Below, we break down what is in the decision, outline how the case fits into the larger ESG-focused policy debate, and provide three lessons for the regulated community.
The Texas Decision
In Spence v. American Airlines (decision here), an American Airlines pilot brought claims alleging that his employer breached its fiduciary duties of prudence and loyalty in its management of its 401(k) plan. Specifically, the pilot alleged that the plan includes funds “that are managed by investment managers that pursue non-financial and nonpecuniary ESG policy goals through proxy voting and shareholder activism” rather than focusing exclusively on financial returns.
In reviewing the defendants’ motion to dismiss the complaint, a Texas federal judge determined that the plaintiff’s allegations of the defendants failing to properly adjust two ESG-focused funds that were continually underperforming other similarly situated funds were sufficient to infer that the defendants’ conduct was imprudent.

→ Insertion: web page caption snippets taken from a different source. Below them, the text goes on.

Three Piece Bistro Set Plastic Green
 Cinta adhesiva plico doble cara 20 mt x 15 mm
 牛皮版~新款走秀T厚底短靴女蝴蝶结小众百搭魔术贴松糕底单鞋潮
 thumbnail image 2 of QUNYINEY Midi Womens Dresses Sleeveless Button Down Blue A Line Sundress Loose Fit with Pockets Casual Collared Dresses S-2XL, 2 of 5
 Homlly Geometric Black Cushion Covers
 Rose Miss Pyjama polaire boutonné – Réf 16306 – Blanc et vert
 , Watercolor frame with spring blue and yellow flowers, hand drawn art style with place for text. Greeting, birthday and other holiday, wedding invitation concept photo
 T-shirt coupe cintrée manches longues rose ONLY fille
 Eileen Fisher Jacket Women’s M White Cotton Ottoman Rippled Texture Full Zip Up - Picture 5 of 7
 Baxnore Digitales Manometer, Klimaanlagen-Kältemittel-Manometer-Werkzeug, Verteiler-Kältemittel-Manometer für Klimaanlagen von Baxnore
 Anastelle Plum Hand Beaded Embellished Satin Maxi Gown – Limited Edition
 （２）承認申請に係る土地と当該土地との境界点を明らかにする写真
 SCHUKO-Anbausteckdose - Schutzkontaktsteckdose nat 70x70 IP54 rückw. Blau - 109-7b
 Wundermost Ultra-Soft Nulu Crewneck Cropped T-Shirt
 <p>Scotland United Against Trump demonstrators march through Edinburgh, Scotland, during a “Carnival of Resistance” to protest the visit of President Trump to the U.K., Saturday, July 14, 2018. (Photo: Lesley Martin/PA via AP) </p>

This result came despite the defendants arguing that the plaintiff provided neither any benchmark by which to determine underperformance nor any evidence of a connection between any proxy voting and the alleged underperformance, both of which the court deemed unnecessary at this stage. The court also found that the plaintiff’s allegation that the defendants were motivated by a company-wide commitment to ESG rather than pure financial gain articulated a “plausible story” over the defendants, contending a lack of supporting facts showing any specific alternative non-financial motivations.
In denying the defendants’ motion, the court did not make any declarative statements about the strength of the plaintiffs’ claims, but it did make clear that it believed those claims plausible. The allegations focused largely on the stated value placed on ESG by American Airlines, as well as an imputed underperformance from ESG-focused funds.
Takeaways from Spence
Tensions Over the Meaning of “ESG” Play Out in Corporate Governance Disputes
A few weeks ago in a piece focused on ESG-related claims involving the government, we noted that the last year has seen “’ESG’ factors recast from being perceived as technocratic tools wielded by accountants and policy optimists into villainous tools employed by bureaucrats to limit freedom and harm businesses.”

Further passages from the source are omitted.